• Information provided:
== Segment start ==

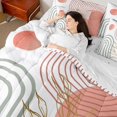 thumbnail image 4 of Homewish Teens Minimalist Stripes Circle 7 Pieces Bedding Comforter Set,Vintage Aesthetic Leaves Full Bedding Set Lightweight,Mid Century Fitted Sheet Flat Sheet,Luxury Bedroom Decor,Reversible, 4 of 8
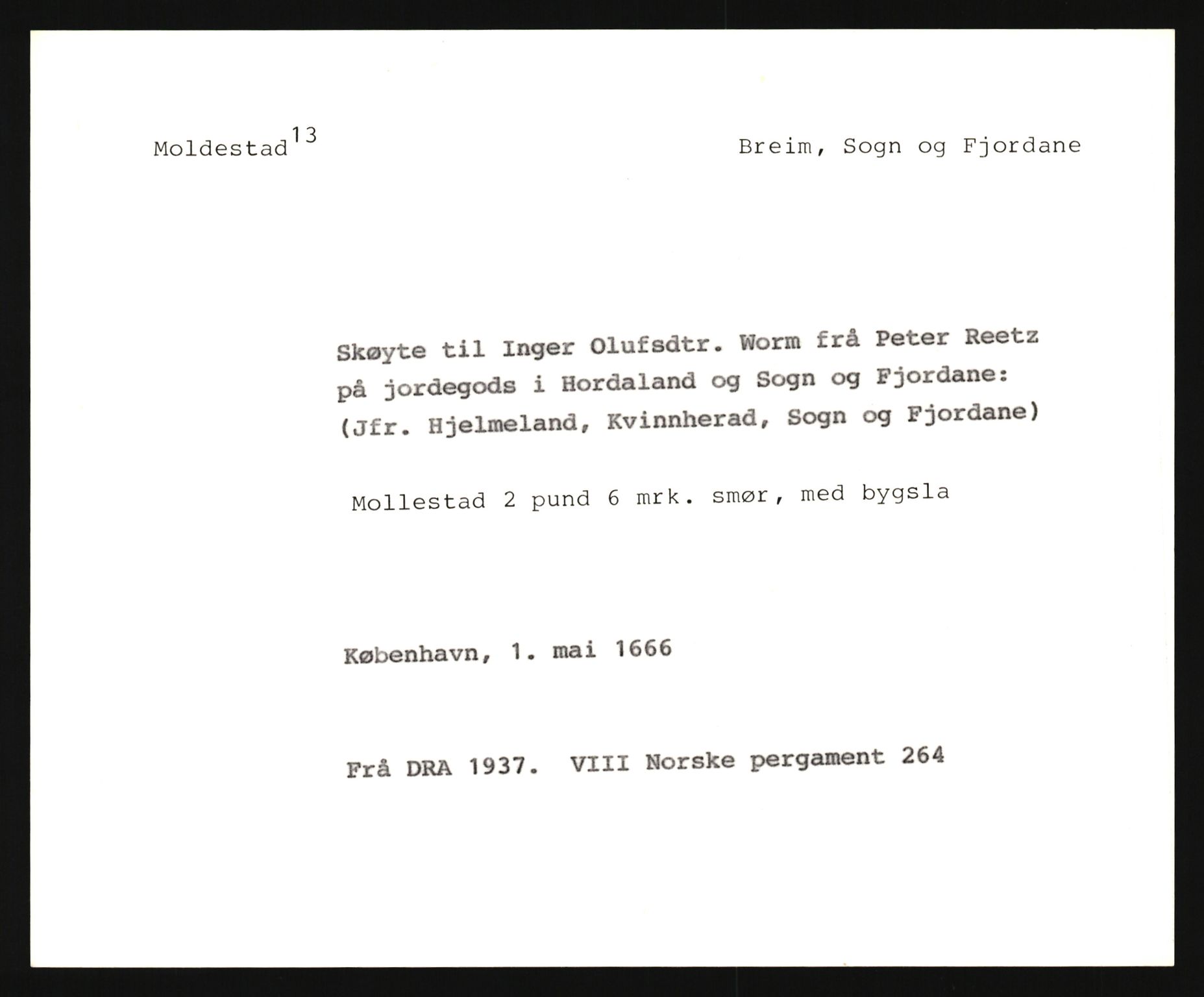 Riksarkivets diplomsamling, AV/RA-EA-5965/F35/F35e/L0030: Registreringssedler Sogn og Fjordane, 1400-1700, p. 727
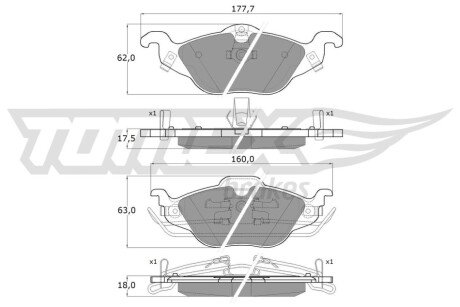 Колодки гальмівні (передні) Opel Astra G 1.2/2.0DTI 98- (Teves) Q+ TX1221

== Segment end ==

• Work to be completed: Reproduce the data exactly as it appears above. Pictures are to be left out.

• Solution:
 thumbnail image 4 of Homewish Teens Minimalist Stripes Circle 7 Pieces Bedding Comforter Set,Vintage Aesthetic Leaves Full Bedding Set Lightweight,Mid Century Fitted Sheet Flat Sheet,Luxury Bedroom Decor,Reversible, 4 of 8
 Riksarkivets diplomsamling, AV/RA-EA-5965/F35/F35e/L0030: Registreringssedler Sogn og Fjordane, 1400-1700, p. 727
 Колодки гальмівні (передні) Opel Astra G 1.2/2.0DTI 98- (Teves) Q+ TX1221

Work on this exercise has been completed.